This work was developed under the umbrella of the project FrailCare.AI within VOH.CoLAB for the conclusion of a masters degree.
This dissertation is part of the project FrailCare.AI, which aims to detect frailty in the elderly Portuguese population in order to optimize the SNS24 (telemonitoring) service, with the goal of suggesting health pathways to reduce the patients frailty. Frailty can be defined as the condition of being weak and delicate which normally increases with age and is the consequence of several health and non-health related factors.

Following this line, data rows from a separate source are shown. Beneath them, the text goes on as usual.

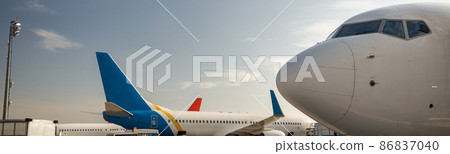 View of white airplane during refueling at airport outdoors on a daytime. Aircraft details 86837040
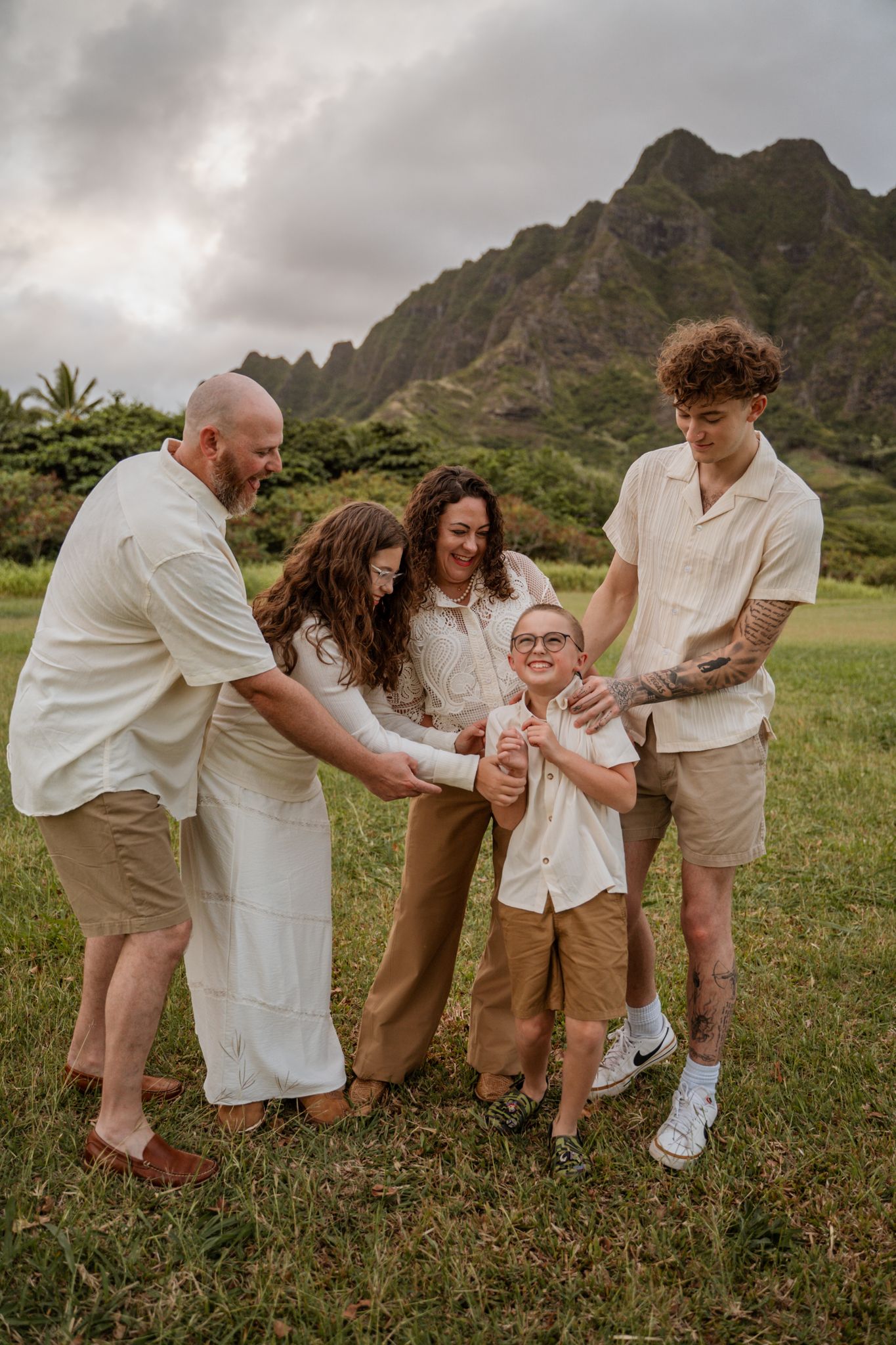 A family shares a joyful moment together with mountains in the background.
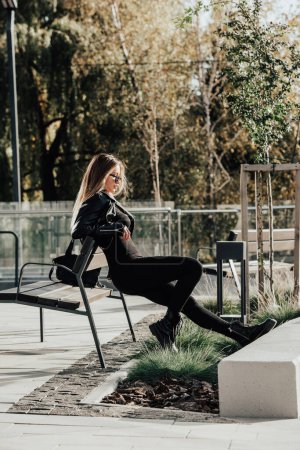 Téléchargez les photos : Jeune femme à la mode aux cheveux longs portant une combinaison monobloc à manches longues unie posant dans une veste en cuir noir et des bottes lisses sur la rue de la ville - en image libre de droit
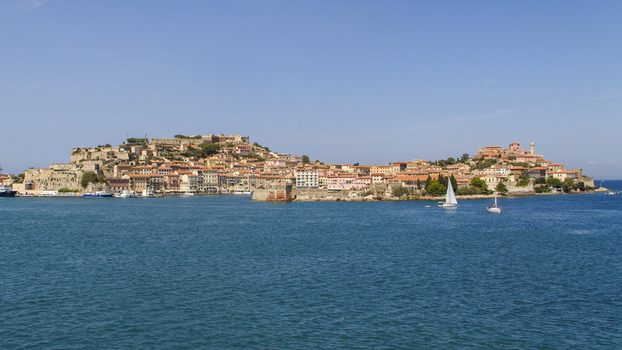 View of the historic city nestled along the coast with terracotta rooftops and ancient walls contrasting with the shimmering turquoise sea Portoferraio Elba Tuscany Italy. View of the historic city nestled along the coast with terracotta rooftops and ancient walls contrasting with the shimmering turquoise sea Portoferraio Elba Tuscany Italy.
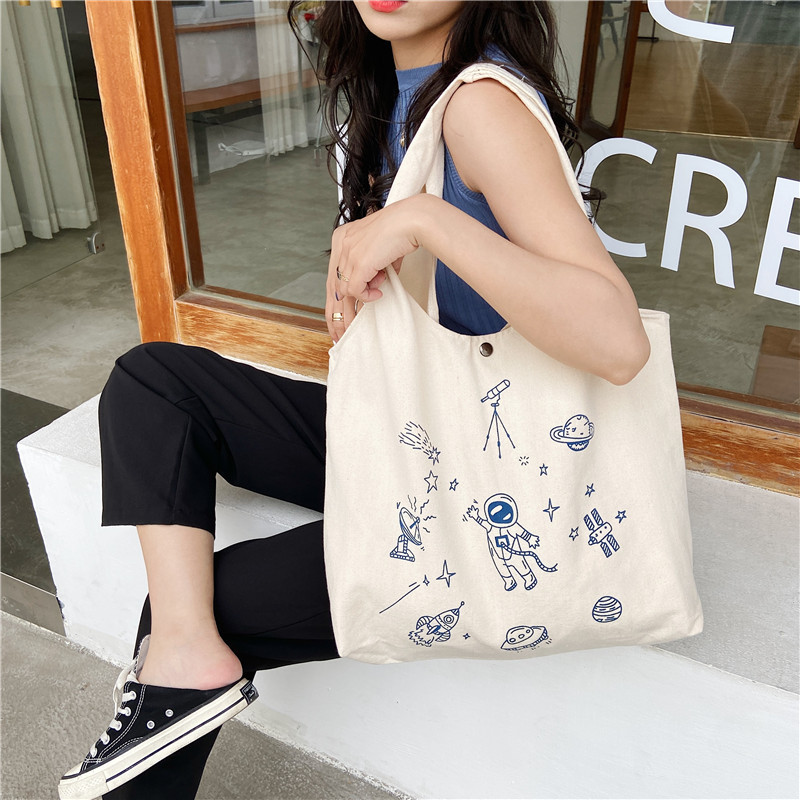 1322 Harajuku style astronaut cartoon printed canvas bag ins Soft girl college student hand-held cloth bag vest for girls full figure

A patient health journey is recorded in EHR, which are rich but sparse, noisy and multi-modal sources of truth. These can be used to train predictive models to predict future health states, where frailty is just one of them. In this work, due to lack of data access we pivoted our focus to phenotype prediction, that is, predicting diagnosis. What is more, we tackle the problem of data-insufficiency and class imbalance (e.g. rare diseases and other infrequent occurrences in the training data) by integrating standardized healthcare ontologies within graph neural networks. We study the broad task of phenotype prediction, multi-task scenarios and as well few-shot scenarios - which is when a class rarely occurs in the training set. Furthermore, during the development of this work we detect some reproducibility issues in related literature which we detail, and also open-source all of our implementations introduding a framework to aid the development of similar systems.
- New baselines for different label schemes (different level of granularity), for both MIMIC 3 and eICU
- Easy-to-use script to reproduce all results
- Extensible and modular architecture
- Tools to handle the studied datasets
All .ipynb used for experiments and exploratory analysis
Notebooks that end with - Gradio, are interactive.
- Results - Gradio.ipynb offers a simple way to explore the results of all experiments
- What if - Gradio.ipynb uses a trained model to explore predictions
Dataset parsers for MIMIC III and eICU, based on the interface defined in base.py.
Classes responsable for creating the graphs given a set of EHRs of one or multiple patients.
Place where the datasets should be placed in. Here, there is only a really small randomized subset of the MIMIC 3 Dataset for demonstration online.
models.py - PyTorch model implementation
phenotype.py - Script used to run all experiments
Processing.py, metrics.py and utilities.py hold auxiliary functions.
ICDCodesGrouper.py is responsible for mapping ICD9 codes to different levels of granularity - CCS, Category Level, 3-digit and ICD9 Chapters.